My research is on inverse problems and image processing. The emphasis is on the formulation of fast and effective numerical algorithms to address various problems in mathematical imaging. Currently I am working on efficient methods for image reconstruction in diffuse optical tomography.

publications

Biros G., Dogan G., "A multilevel algorithm for inverse problems with elliptic PDE constraints",accepted for publication in Inverse Problems

Dogan G., Biros., "A fast inversion algorithm for linearized diffuse optical tomography with many measurements", under preparation

projects

Multilevel algorithms for inverse problems with elliptic PDE constraints:

We formulate a novel multilevel algorithm for the solution of Tikhonov-regularized first-kind Fredholm equations. An example is the source identification problem, in which the forward problem is an elliptic partial differential equation. Our method assumes the availability of an approximate Hessian operator for which, first, the spectral decomposition is known, and second, there exists a fast algorithm that can perform the spectral transform. Based on this decomposition we propose a Conjugate Gradients (CG) solver which we precondition with a multilevel subspace projection scheme. Our novel preconditioner significantly improves the performance of CG. Not only do we obtain mesh-independent performance, but also very good scalability in the case of small regularization parameter.

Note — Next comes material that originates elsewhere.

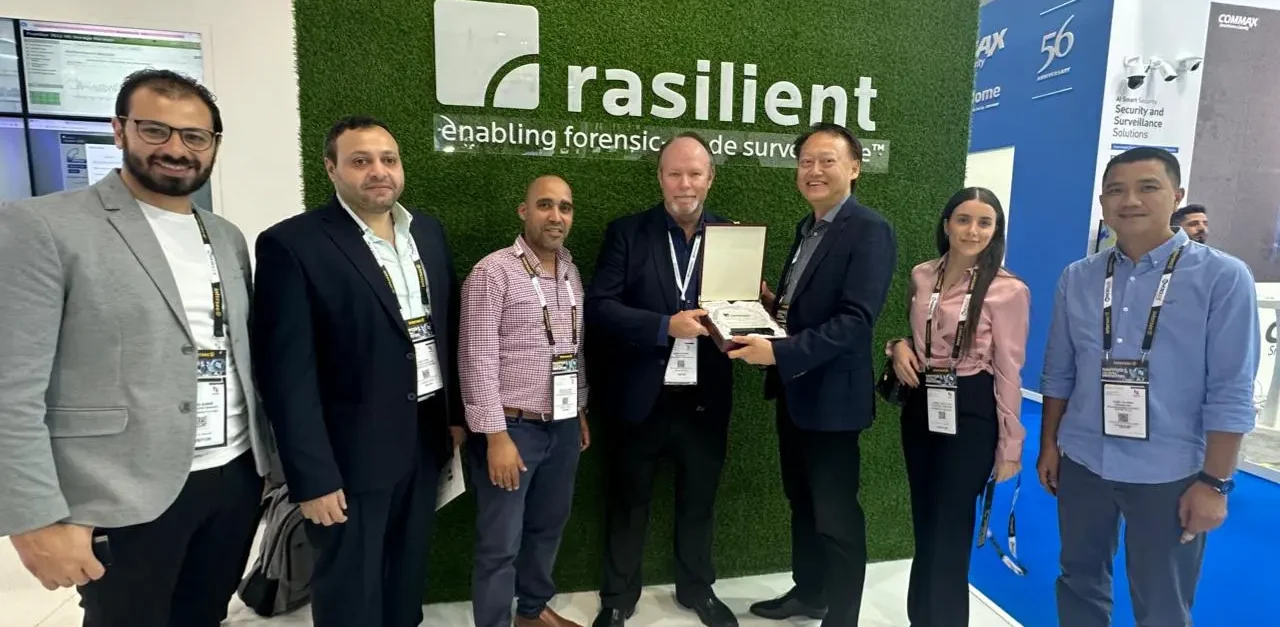 Emerging Partner of the Year award by Resilient Systems at the Intersect Expo - Dubai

Fast inversion schemes for diffuse optical tomography:

We consider a problem where a scattering medium is excited by numerous light sources at the boundary. We would like to identify the absorption coefficient of the medium from given large number of boundary measurements. An example of this problem is diffuse optical tomography. We work out the precise analytical structure of the problem in the case of constant background coefficient and devise a fast inversion scheme that allows us to infer the absorption coefficient. Our current work is on taking advantage of this scheme to implement an efficient algorithm that works for nonconstant background coefficient as well.